独り後に残された少年は、ぼんやりと立っていましたが、なんとなく、光る石に気が引かされましたので、わざわざもどってそれを拾ってみました。それは、黒っぽい岩のような石のかけらでありました。少年は、その夜は、ついにこの石を抱いたまま、坂の下の草原の中で野宿をしました。
夏の夜明け方のさわやかな風が、ほおの上を吹いて、少年は目をさましますと、うす青い空に、西の山々がくっきりと黒く浮かんで見えていました。そして、その一つの嶺の頂に、きらきらと星が光っていました。少年は、じっと星の光を見ていますうちに、熱い涙がしぜんと目の底にわいてきました。それは、産まれ変わったように体が強くなって、ふたたびこの世の中に出て働くことのできる、長い、長い、未来の生活が空想されたからであります。
いうにいえない悲壮な感じが、このとき、少年の胸にわき上がりました。
「どんな、遠くへでも歩いていこう。」
少年は、おばあさんから聞いた温泉を思い出して心でいいました。
いよいよ夜が明けると太陽が笑いました。このとき、少年は、いままで大事にして握っていた石ころをつくづくとながめたのです。昨夜草原にねていて、空に輝いている星をながめたが、その星のかけらのように、美しく、紫色に光っている石でありました。

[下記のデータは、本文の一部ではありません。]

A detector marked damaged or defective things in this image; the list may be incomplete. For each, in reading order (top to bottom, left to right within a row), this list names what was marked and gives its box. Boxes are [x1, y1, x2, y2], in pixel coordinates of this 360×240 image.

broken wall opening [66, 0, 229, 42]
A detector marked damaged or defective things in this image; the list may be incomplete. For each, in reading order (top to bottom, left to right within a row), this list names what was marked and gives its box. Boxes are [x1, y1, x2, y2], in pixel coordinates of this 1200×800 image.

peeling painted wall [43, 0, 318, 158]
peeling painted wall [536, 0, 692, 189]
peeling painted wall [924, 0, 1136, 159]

少年は、その石を持って町へ出ました。そして、ある飾り屋の前を通りかかりましたときに、その店さきにすわっていた主人にこの石を見てもらいました。主人は、眼鏡をかけて、よく石を見ていましたが、
「これは珍しい石だ。」といって、どうか売ってくれないかと頼みました。少年は、石よりもっと自分の命がたいせつだと、温泉行きのことを思って、主人に美しい紫色の石を売ってやりました。

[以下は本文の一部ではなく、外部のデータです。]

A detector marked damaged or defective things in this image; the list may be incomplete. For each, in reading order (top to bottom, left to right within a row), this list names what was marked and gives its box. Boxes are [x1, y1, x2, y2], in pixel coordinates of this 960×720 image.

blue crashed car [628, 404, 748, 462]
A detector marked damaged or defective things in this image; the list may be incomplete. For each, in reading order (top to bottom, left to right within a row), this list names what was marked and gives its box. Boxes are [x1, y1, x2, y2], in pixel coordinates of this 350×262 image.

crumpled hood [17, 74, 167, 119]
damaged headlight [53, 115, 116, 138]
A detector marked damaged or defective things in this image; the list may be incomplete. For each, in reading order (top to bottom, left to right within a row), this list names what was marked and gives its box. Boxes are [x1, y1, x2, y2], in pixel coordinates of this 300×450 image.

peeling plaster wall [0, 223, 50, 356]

「こんな珍しい石なら、いつでも買いますから、また、ありましたら持ってきてください。」と、飾り屋の主人はいいました。
少年は、その店から出て、往来に立ちましたときに、また、今夜も、あの坂の下に待っていて、もし、あの車がきたときに、後を押してやろうかなどと考えましたが、なんでも、いい機会というものは、二度あるものでない。お開帳の日だって、つぎの日には、あんなことがあったと考えると、旅費のできたのを幸いに、はやく目的地をさしてゆこうと決心したのであります。」